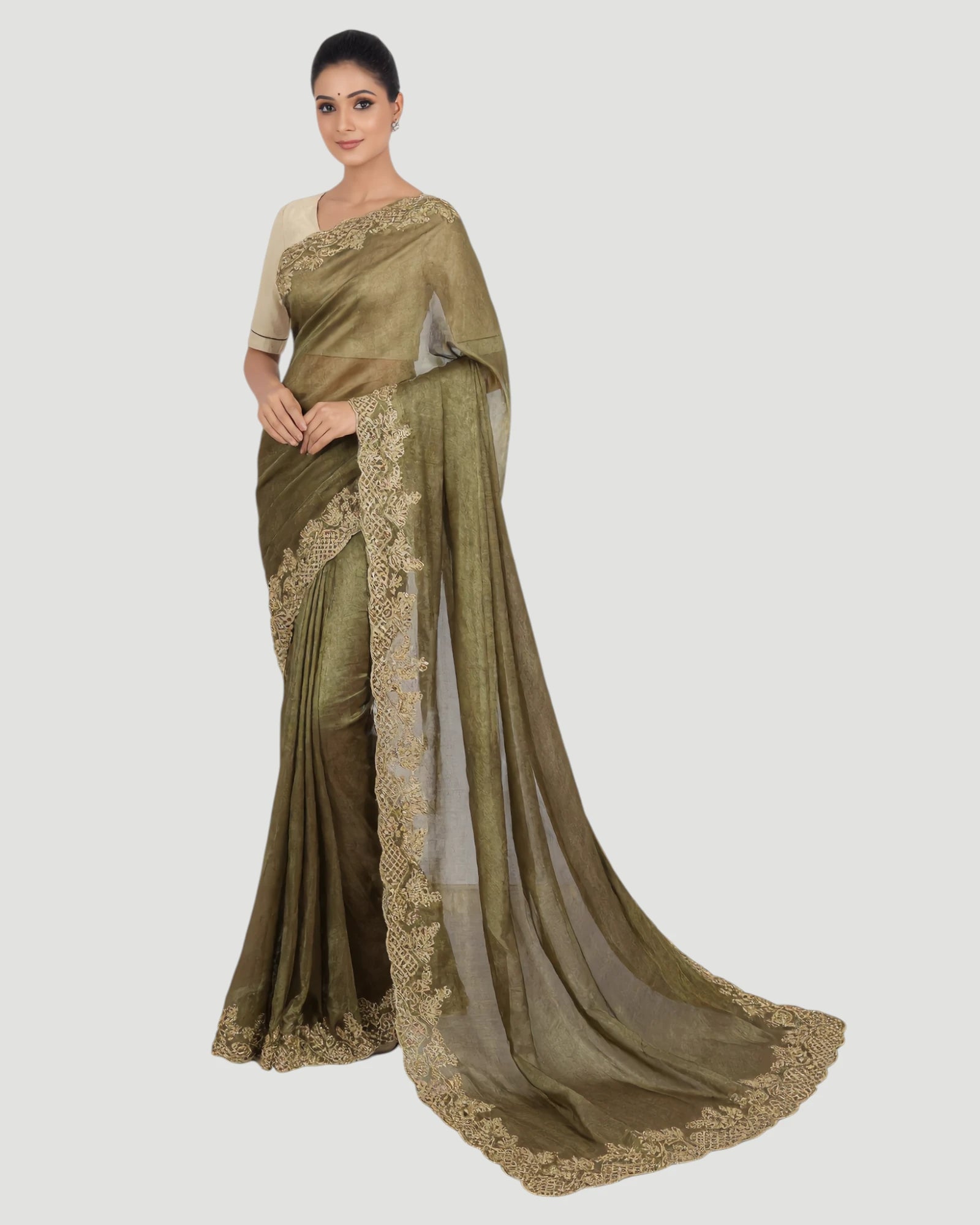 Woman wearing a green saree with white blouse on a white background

--------------------

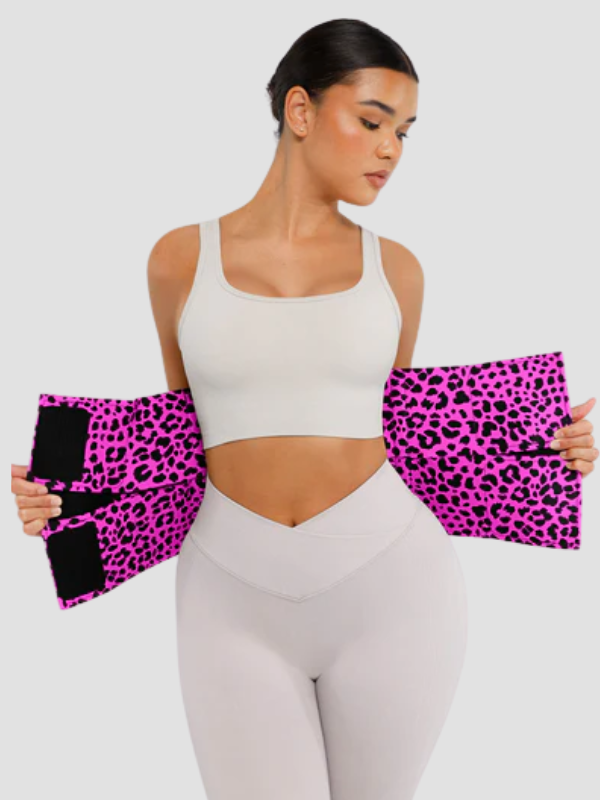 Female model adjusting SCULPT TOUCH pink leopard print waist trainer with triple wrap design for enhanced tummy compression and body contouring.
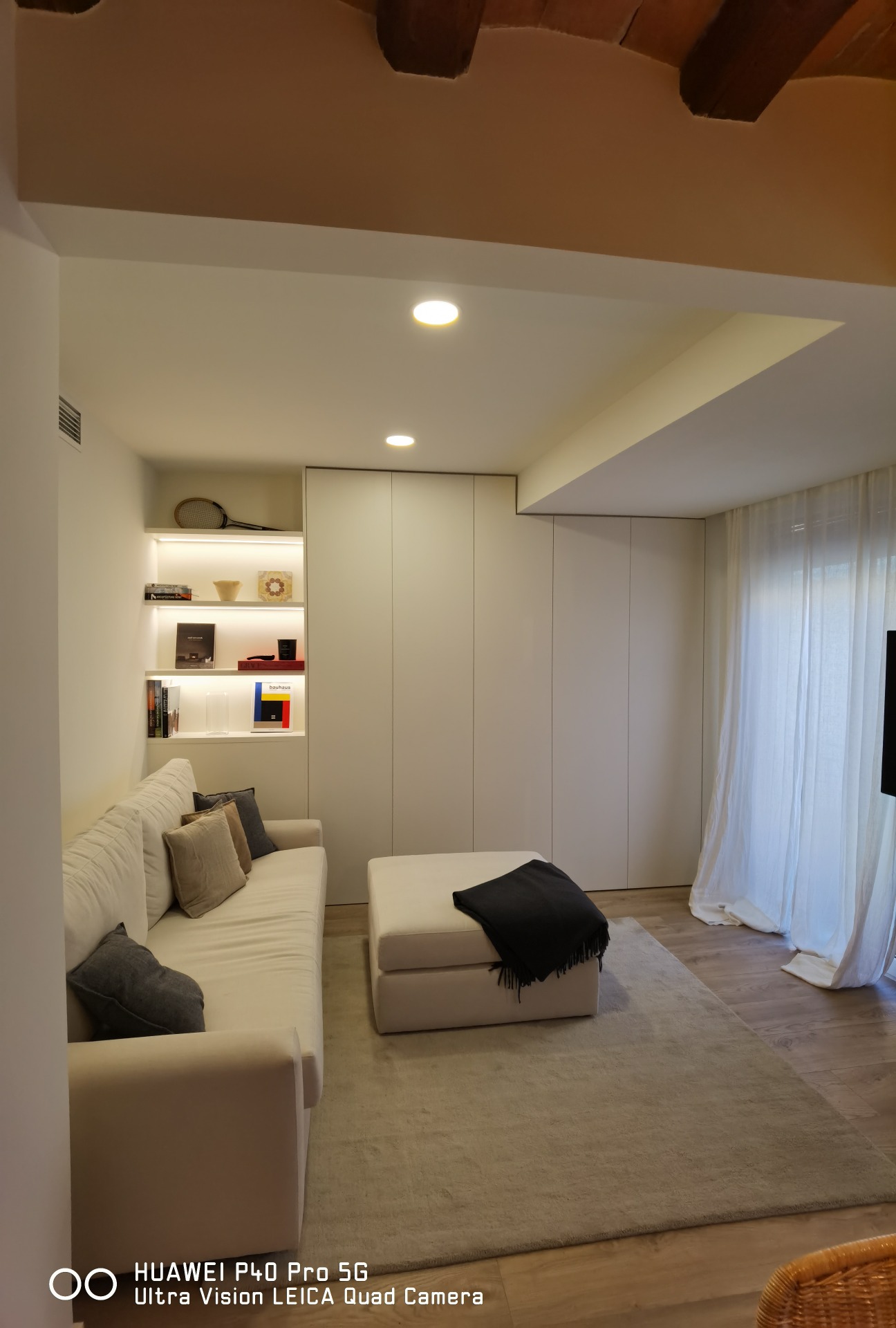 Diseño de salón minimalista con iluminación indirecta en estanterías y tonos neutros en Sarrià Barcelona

--------------------

* [Activity]
What to print is the stretch of entries from the line with "Female model adjusting" up to and including the line with "Diseño de salón". Please print it exactly and leave out the pictures.

* [Task output]
 Female model adjusting SCULPT TOUCH pink leopard print waist trainer with triple wrap design for enhanced tummy compression and body contouring.
 Diseño de salón minimalista con iluminación indirecta en estanterías y tonos neutros en Sarrià Barcelona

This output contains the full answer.